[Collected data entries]
##########

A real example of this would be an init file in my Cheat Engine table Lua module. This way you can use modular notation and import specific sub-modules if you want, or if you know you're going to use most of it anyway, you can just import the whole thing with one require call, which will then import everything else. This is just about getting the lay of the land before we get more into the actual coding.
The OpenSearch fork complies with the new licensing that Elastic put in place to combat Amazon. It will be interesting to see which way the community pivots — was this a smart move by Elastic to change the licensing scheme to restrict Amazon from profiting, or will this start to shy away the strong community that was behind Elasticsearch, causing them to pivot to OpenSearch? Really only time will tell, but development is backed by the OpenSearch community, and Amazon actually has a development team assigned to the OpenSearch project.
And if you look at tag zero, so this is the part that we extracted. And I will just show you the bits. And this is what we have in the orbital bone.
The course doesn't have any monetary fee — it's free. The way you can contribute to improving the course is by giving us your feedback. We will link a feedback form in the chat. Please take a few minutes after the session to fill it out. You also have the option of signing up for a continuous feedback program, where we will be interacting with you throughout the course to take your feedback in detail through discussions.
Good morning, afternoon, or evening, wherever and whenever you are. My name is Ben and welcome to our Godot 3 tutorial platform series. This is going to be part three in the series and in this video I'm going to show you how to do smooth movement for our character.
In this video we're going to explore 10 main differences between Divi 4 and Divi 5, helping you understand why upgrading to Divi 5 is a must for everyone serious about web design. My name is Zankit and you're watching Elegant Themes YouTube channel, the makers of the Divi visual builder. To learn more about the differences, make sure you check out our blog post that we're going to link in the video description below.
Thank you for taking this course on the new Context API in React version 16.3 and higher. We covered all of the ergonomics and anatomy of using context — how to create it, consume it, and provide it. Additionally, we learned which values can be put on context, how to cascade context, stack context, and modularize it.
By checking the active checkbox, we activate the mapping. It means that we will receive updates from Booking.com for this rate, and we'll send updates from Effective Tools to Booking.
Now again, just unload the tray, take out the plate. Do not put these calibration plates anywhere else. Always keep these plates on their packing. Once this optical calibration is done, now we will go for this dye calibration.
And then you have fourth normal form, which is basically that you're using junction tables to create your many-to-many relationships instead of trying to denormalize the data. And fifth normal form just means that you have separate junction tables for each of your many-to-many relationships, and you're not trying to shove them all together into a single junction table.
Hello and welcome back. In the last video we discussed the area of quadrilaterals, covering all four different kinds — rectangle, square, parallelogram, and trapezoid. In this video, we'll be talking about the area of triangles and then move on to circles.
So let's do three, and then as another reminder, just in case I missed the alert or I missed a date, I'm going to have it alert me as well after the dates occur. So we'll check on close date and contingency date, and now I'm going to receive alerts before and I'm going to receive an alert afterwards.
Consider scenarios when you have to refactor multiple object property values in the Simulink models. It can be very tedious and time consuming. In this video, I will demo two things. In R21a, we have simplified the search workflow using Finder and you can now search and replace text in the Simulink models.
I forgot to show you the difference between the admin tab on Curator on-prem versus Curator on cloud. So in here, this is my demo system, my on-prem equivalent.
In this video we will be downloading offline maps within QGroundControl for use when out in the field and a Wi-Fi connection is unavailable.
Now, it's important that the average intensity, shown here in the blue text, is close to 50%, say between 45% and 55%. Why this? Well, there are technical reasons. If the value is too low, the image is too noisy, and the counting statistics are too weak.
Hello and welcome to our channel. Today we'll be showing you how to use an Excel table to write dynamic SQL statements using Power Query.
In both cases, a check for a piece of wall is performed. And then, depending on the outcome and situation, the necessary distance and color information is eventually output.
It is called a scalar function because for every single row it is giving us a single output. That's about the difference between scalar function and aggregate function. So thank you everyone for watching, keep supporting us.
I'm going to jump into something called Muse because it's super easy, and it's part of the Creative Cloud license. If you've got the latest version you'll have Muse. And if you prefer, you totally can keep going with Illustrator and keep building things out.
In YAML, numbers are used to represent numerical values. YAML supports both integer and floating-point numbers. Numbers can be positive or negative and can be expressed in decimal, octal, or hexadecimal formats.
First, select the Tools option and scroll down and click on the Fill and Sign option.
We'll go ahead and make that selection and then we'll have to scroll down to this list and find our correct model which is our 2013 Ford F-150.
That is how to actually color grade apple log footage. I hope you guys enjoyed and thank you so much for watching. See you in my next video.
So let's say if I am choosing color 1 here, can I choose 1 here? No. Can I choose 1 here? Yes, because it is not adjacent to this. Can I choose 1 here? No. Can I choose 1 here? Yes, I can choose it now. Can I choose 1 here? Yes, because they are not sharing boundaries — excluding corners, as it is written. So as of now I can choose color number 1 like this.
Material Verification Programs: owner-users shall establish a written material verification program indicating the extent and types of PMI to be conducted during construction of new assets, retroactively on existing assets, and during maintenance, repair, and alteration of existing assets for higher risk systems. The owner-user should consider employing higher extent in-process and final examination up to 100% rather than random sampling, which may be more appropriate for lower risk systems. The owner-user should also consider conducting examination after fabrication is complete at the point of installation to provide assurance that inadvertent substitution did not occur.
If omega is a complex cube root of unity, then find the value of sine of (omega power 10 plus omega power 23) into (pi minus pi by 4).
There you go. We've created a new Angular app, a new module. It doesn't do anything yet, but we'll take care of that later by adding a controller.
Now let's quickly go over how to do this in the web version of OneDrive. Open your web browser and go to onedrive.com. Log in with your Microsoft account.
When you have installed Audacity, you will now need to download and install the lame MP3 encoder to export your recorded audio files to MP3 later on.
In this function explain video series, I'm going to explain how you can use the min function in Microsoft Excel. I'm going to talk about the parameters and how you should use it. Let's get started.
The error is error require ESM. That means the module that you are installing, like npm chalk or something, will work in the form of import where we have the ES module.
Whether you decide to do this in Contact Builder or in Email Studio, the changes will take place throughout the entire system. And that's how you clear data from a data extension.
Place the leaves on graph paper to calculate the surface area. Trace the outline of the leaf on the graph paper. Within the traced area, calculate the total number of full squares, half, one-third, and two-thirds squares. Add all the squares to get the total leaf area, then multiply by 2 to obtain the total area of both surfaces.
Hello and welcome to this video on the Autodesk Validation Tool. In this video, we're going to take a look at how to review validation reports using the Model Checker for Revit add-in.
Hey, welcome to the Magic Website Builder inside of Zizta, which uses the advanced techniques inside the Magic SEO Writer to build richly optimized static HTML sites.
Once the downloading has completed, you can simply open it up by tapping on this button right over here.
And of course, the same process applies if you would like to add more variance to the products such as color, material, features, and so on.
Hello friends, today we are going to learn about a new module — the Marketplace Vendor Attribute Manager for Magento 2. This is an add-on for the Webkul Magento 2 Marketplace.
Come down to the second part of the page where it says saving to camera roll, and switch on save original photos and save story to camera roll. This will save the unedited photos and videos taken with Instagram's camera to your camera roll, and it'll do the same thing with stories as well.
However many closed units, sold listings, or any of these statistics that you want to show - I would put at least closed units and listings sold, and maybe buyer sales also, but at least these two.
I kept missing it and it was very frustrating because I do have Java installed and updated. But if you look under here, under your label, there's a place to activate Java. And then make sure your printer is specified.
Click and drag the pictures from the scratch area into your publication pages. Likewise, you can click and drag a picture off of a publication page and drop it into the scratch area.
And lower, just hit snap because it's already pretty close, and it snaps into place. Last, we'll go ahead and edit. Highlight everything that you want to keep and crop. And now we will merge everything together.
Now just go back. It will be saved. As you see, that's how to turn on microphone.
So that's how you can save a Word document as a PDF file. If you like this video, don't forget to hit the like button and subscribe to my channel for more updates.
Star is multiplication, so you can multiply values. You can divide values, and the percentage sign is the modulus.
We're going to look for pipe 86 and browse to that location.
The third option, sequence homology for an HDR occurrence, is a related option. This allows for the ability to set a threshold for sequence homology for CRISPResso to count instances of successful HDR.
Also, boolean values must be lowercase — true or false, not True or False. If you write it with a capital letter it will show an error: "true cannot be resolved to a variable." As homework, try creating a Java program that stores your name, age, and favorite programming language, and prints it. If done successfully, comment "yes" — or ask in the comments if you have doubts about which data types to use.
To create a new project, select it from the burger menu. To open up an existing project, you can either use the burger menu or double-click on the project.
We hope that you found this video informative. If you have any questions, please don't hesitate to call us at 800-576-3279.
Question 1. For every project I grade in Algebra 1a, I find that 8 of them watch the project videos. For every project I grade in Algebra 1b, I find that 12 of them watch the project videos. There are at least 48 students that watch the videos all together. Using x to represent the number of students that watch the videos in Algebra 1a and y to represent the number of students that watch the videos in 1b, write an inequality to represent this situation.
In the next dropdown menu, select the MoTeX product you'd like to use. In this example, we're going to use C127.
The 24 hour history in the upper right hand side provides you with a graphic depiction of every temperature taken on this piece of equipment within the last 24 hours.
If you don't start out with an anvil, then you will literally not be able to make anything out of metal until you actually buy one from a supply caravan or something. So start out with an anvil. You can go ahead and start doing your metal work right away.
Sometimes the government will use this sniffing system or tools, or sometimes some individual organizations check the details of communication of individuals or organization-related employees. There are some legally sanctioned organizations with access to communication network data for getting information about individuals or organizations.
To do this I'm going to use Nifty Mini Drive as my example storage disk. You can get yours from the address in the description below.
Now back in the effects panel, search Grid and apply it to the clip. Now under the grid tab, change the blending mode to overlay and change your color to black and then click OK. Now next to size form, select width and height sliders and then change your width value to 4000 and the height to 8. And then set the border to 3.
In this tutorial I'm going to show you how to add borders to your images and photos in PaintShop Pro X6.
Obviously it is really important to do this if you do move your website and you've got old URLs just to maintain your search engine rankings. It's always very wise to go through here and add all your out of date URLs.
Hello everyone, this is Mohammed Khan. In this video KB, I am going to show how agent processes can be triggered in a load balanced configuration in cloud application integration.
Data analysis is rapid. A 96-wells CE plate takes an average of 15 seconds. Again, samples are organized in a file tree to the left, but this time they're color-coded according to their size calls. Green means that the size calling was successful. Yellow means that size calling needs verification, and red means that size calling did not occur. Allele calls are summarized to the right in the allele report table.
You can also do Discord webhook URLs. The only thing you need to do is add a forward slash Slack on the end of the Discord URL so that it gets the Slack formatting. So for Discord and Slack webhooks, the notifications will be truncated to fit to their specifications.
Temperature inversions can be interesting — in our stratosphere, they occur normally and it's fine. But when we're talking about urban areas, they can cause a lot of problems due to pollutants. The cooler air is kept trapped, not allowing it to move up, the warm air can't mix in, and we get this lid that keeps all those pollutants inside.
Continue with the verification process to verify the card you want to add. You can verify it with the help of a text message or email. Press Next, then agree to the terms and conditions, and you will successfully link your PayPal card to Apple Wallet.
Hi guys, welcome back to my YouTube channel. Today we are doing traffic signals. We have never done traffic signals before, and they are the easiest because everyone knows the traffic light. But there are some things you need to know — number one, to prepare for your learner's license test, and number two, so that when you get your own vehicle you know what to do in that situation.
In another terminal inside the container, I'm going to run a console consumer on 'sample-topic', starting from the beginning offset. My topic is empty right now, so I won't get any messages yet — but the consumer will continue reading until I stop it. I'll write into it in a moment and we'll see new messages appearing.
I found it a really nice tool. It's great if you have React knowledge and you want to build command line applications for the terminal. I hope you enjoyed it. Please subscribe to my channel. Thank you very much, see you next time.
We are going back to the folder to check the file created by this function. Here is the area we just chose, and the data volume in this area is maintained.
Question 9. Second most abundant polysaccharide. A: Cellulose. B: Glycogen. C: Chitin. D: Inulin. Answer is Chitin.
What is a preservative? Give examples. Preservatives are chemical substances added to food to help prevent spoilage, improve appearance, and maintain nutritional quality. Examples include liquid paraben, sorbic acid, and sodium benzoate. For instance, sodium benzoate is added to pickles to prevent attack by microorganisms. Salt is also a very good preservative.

##########

What you have to do: Within the entries, find all lines that contain "click" and copy each one.

Solution for this task:
First, select the Tools option and scroll down and click on the Fill and Sign option.
Click and drag the pictures from the scratch area into your publication pages. Likewise, you can click and drag a picture off of a publication page and drop it into the scratch area.
To create a new project, select it from the burger menu. To open up an existing project, you can either use the burger menu or double-click on the project.
Now back in the effects panel, search Grid and apply it to the clip. Now under the grid tab, change the blending mode to overlay and change your color to black and then click OK. Now next to size form, select width and height sliders and then change your width value to 4000 and the height to 8. And then set the border to 3.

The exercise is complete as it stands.